This article examines the troubling of gender norms that unfolded on the social networking site, Mumsnet, at the beginning of the UK's first lockdown response to the COVID pandemic. Using an analysis of 7144 contributions which included the acronym ‘WFH’ (=working from home), posted from March 1, 2020 to April 5, 2020, the article examines how Mumsnet members talked about working from home while caring for toddlers and home‐schooled children.

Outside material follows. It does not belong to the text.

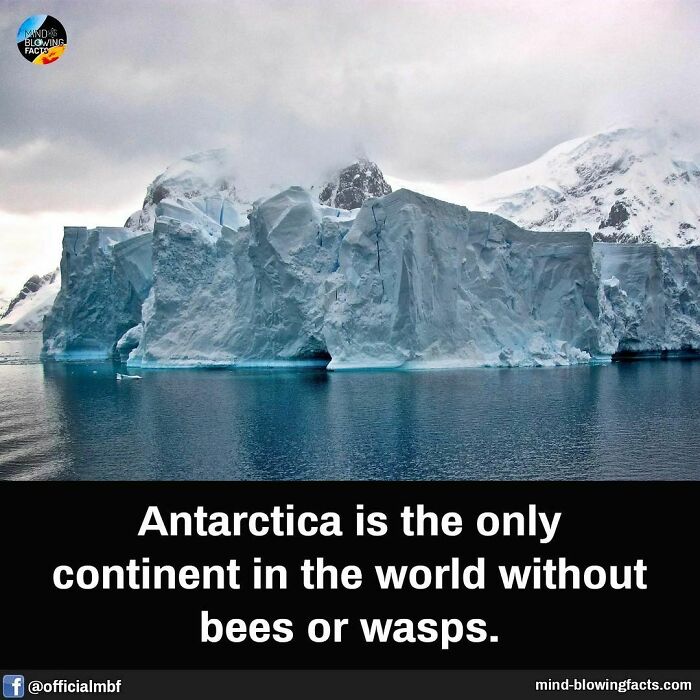Antarctic iceberg with text about the continent having no bees or wasps, linking to fascinating facts.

Mumsnet discussions about everyday moral dilemmas create a discursive space for examining the situated rationalities and normative judgments that shape expectations of how to behave as a working parent. Drawing on post‐structuralist discourse theory, the article shows how Mumsnet contributors generated alternative sub‐categorizations of ‘good mums’, and destabilized discourse assumptions of intensive motherhood, such as always ‘being there’ for their children, thereby ‘working the weakness in the norms’ (Butler, 1993) and creating potential for change.

Suggested Citation

  • Karen Maria Handley, 2023. "Troubling gender norms on Mumsnet: Working from home and parenting during the UK's first COVID lockdown," Gender, Work and Organization, Wiley Blackwell, vol. 30(3), pages 999-1014, May.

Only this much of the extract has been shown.